Benny Henderson Jr.: Diaz seems like a very likable guy, but unfortunately being likeable does not win you fights. I think Diaz will do the best with what he has, he may give Pacquiao a bit of trouble in the beginning stages of the bout, but I see Manny’s speed and style getting the better of the Chicago native in the mid to late rounds earning a Manny another world strap.

Danny Serratelli: I can not believe that Pacquaio is only 29. He has packed more action in his fights with a few of the divisions top warriors than an older Floyd has had in his whole career. We have seen great warriors move up a weight class and lose the fire that made them great just one weight class lighter. Warriors like Ricky Hatton and Arturo Gatti come to mind. Unfortunately for Diaz, this will not happen to Manny unless e gets old over night or totally slept on Diaz. The result will be Pacquaio convincingly by unanimous decision or late round stoppage.

John Novoselac: Manny Pacquiao looks to gain another title in another higher weight class, but has he bit off more than he can chew this time? David Diaz is a big, rugged lightweight that has fought as high as welter. He's very determined, and reports say his camp has gone well. I think Manny may struggle early, and perhaps throughout the fight, with the in your face never say die style of Diaz, but will ultimately pull off a close, possibly split, decision win.

Anthony Cocks: I have always believed that there is a glass ceiling when it comes to moving up in weight, but Top Rank have be prudent in their selection of Pacquiao’s opponent for his 135 pound debut. Unified champion Nate Campbell and top contenders Joan Guzman, Juan Diaz, Michael Katsidis and Joel Casamayor all look to be too tough as first up challenges for the Filipino Firebrand, so I cannot blame Pacquiao’s team for selecting WBC titleholder David Diaz as their opponent.

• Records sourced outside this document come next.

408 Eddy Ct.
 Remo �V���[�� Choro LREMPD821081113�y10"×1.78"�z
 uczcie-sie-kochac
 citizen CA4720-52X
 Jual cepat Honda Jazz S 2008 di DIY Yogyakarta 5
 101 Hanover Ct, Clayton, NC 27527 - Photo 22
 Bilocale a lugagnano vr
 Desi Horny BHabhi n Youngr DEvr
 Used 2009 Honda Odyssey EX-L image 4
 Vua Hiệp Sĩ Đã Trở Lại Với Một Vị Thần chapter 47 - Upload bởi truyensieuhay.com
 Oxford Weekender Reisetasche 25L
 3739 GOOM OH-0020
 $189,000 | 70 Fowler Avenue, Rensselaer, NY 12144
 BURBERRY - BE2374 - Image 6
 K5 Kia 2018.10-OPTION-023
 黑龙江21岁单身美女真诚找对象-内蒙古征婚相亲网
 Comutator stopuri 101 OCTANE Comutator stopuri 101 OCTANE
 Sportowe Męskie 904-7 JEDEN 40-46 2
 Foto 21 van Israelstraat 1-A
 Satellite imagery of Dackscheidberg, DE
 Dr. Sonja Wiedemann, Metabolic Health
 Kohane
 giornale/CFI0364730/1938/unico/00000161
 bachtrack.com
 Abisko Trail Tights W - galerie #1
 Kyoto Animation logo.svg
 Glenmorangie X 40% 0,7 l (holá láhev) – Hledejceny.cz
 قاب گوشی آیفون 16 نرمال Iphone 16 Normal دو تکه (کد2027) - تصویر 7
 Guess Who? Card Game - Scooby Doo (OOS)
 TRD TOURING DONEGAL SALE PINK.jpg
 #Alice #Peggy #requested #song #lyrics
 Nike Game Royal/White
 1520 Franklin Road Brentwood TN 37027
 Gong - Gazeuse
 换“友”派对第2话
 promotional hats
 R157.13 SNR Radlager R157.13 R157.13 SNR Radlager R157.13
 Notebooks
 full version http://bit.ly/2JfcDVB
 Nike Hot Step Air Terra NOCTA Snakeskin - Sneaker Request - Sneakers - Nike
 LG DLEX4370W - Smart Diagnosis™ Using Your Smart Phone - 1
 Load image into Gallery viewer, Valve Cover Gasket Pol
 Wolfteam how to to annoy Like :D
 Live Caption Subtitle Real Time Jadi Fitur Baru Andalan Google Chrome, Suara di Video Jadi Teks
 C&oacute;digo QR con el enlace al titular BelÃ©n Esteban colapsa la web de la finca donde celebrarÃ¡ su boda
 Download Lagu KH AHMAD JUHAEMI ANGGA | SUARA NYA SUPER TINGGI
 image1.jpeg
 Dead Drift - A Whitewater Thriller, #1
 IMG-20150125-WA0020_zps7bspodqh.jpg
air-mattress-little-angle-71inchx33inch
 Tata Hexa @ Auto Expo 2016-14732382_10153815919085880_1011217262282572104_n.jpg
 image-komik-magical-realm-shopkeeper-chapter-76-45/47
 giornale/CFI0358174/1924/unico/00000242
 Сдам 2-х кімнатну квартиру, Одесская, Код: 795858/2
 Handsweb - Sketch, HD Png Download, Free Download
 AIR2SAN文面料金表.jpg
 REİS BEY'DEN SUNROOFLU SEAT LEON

If Pacquiao struggles with the game but limited Diaz it will be hard to see how he would handle hard punching slickers like Campbell and Guzman, the educated pressure of Juan Diaz, the crafty moves of Casamayor or the grinding pressure of Katsidis. I like Pacquiao to gut out a decision win by sweeping the later rounds in a fight that raises questions about how far he can go at lightweight.